Review of Volumes
III and IV
from Classic Arms and Militaria,
Vol.6 No.3, pp38-39.
We reviewed the long and eagerly awaited third and fourth
volumes of David Harding's monumental work on East India Company arms
with some considerable enjoyment, and readers who still recall our review
of volumes one and two a little over a year ago will I hope forgive some
reference to these first two parts in this review. For too long East India
Company arms and ammunition have been seen as the poor relations of the
arms issued to Imperial troops. That this was entirely wrong was shown
in detail in the first two volumes, as was the care the Company took in
maintaining the quality of its arms and the fastidiousness with which
patterns were tested and makers selected.

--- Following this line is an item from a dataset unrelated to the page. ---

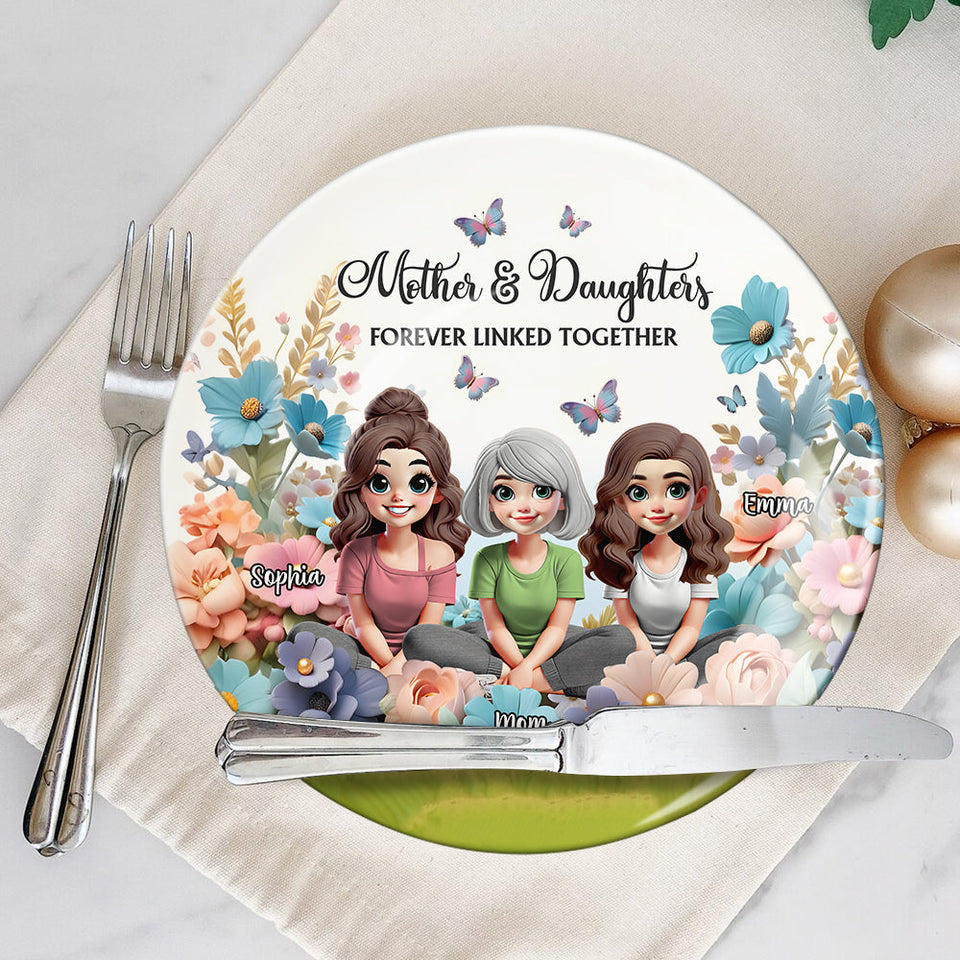 Mère et fille liées à jamais - Assiette ronde en céramique personnalisée pour maman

While Volume I concentrated on the procurement and design
of the Company's arms and the lengthy Catalogue of Patterns (superbly
illustrated) comprise volume II, the final parts of the set examine the
performance of those arms and the training of those who used them. This
work offers collectors and black powder shooters a unique reference source
and this reviewer is right, he thinks, in noting that no comparable records
have so far been uncovered for the Crown forces. This study of
the East India Company's arms is quite unique, and more than justifies
its price by the depth and breadth of material contained within it.

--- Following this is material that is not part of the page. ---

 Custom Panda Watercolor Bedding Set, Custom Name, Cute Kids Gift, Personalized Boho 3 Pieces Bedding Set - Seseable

Volume III of the set concentrates upon the ammunition used
by the EIC, and its performance in the Company's firearms. No detail of
the EIC records unearthed by the author has been neglected and the chapters
on ball, gunpowder, cartridges, flints, flint and percussion missfire
rates, accuracy of fire and training external ballistics, the Company's
use of the Baker and then Brunswick rifles, show a depth of research
and degree of knowledge that is quite simply outstanding.
High quality acid-free paper has been used in the
book and quality is excellent, indexing is about perfect and quality of
the black & white photographs and line drawings, many of them taken
from the original documents, is first class. Quality costs, but
it is well worth paying for, and anyone with a serious interest in the
military firearms of the 1600 to 1850's will find David Harding's work
of inestimable value. What then, is to be found within these 1,288 superbly
produced pages with their 221 illustrations?

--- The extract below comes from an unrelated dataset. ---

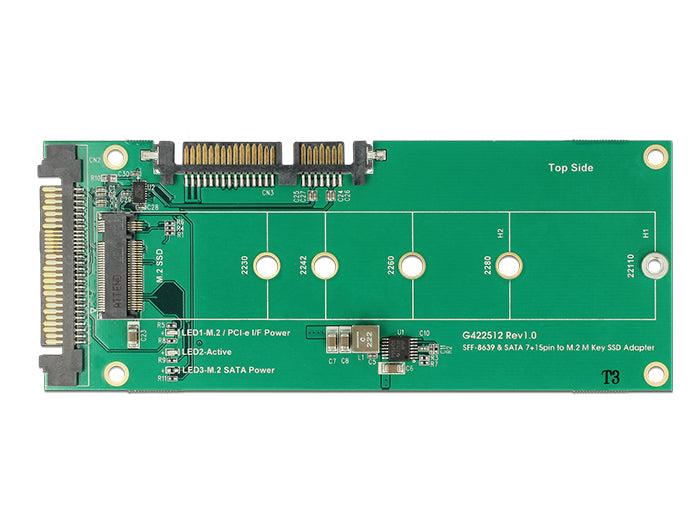 DeLOCK 62864 Adapter U.2/SATA zu M.2 – 6 Gbit/s, M.2 Key-B, für NVMe M.2 oder SATA M.2 – Schwarz/Grün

The majority of the text is concerned with the military
smoothbore in its flintlock and percussion guises, but this is simply
because the smoothbore was so much more widely used rather than any ignoring
of the roles played by the Baker and Brunswick - each of which has also
been carefully researched and written up. In addition to the arms themselves,
there is much in the book on their performance and the manufacture of
ammunition for them. It becomes clear from this work that the
military smoothbore was not the ineffective "gas-pipe" it has regularly
been condemned as by writers from the late Victorians onwards. Neither
was it so short ranged as might be thought, or so inaccurate when loaded
with the paper cartridge, as is commonly held. Each component,
ball, powder and cartridge paper was the result of much careful research
and manufactured to the highest standards possible at the time. Considerable
space in Volume III is devoted to the cartridge paper itself and its manufacture,
testing and the difference between the English and Indian produced cartridge
papers.
The Company's manufactories produced items of as high a
quality as those goods produced at home, and in the case of the gunpowder
required, that produced at the powder mills at the Company's mills in
Bombay, Madras and Bengal was to a carefully controlled standard and comparable
to that produced at Waltham Abbey. Waltham Abbey powder was excellent,
but there was always the difficulty of shipping it to India without deterioration
occurring.
Flints receive their fair share of coverage and the practical student will find Volume III particularly useful. The mining and napping of flints has become shrouded in mystery since the days of the "golden age" of gunmaking, and the coverage of flintlocks and their use will open many eyes. There is nothing about the flintlock that today's shooter cannot manage, if only he or she will adjust their thinking. Cartridge manufacture for the round-ball arms is discussed in detail, indeed an entire chapter is devoted to the subject and explores how they were manufactured at the Company's plants. Missfire rates, flintlock and percussion compared, accuracy of fire, the implications of Robins' pioneering ballistics work and the inclusion of an account of the Chatham trials of the musket in 1846, will fascinate the practical minded collector. There's more: velocity, penetration achieved, elevation for different ranges and chapters each on the Baker and two-grooved Brunswick.